- **TO DO**
Give again, word for word, every line in the entries below from the line with "porcupine crab at SEA LIFE Grapevine" up to and including the line with "Great Saw Mill River Cleanup: April 26, 2025", and no other line.
START EXCERPTED RECORDS
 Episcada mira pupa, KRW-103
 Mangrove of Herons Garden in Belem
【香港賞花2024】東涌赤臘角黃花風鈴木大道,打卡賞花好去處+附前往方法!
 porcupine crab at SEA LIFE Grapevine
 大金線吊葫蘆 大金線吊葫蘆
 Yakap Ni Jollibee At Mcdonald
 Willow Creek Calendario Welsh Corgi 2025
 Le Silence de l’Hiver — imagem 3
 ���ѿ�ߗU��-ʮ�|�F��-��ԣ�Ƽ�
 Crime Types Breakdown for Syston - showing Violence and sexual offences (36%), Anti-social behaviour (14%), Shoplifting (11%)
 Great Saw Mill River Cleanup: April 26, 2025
END EXCERPTED RECORDS
START EXCERPTED RECORDS
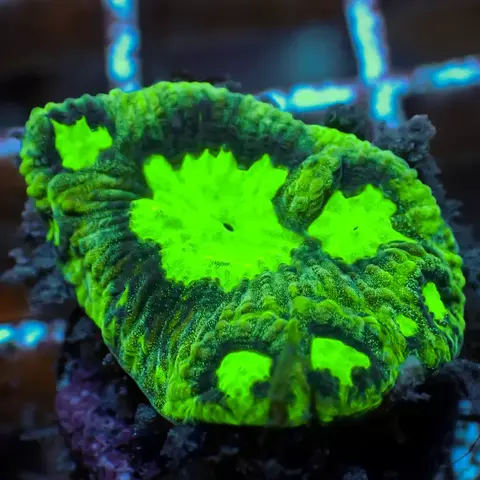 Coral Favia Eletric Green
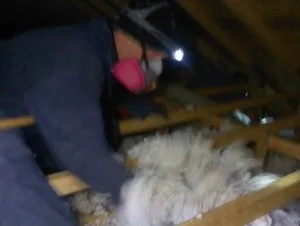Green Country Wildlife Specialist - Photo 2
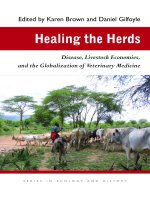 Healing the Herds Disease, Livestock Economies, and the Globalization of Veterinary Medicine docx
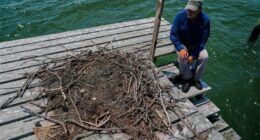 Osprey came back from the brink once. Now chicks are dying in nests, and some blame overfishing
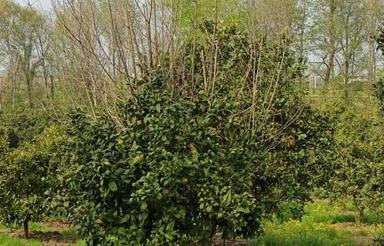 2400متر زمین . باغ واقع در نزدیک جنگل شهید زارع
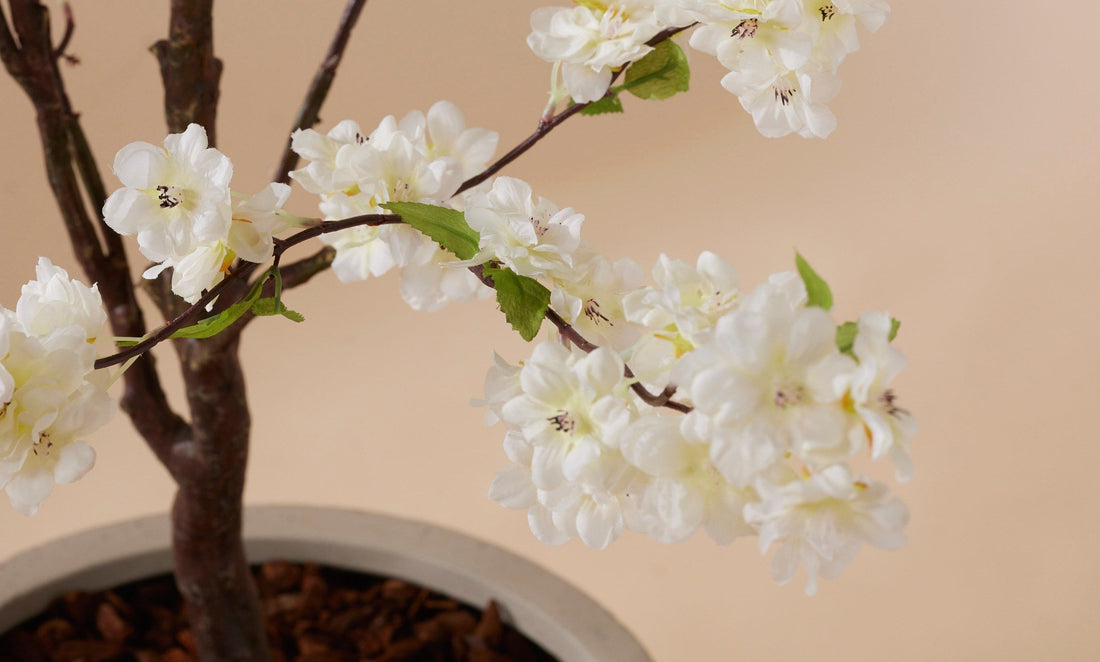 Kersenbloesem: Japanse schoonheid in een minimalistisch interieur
END EXCERPTED RECORDS
START EXCERPTED RECORDS
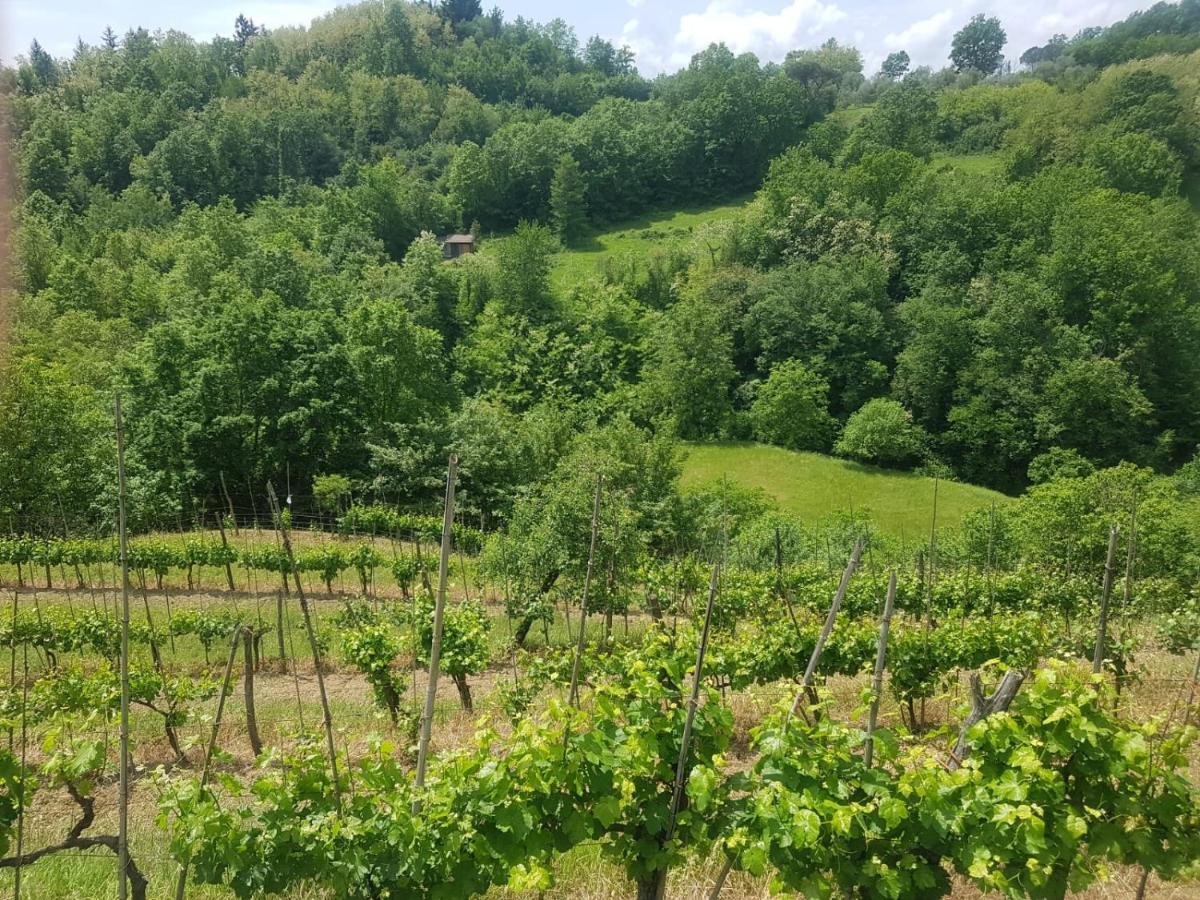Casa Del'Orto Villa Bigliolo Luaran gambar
END EXCERPTED RECORDS
- **ANSWER BOX**
 porcupine crab at SEA LIFE Grapevine
 大金線吊葫蘆 大金線吊葫蘆
 Yakap Ni Jollibee At Mcdonald
 Willow Creek Calendario Welsh Corgi 2025
 Le Silence de l’Hiver — imagem 3
 ���ѿ�ߗU��-ʮ�|�F��-��ԣ�Ƽ�
 Crime Types Breakdown for Syston - showing Violence and sexual offences (36%), Anti-social behaviour (14%), Shoplifting (11%)
 Great Saw Mill River Cleanup: April 26, 2025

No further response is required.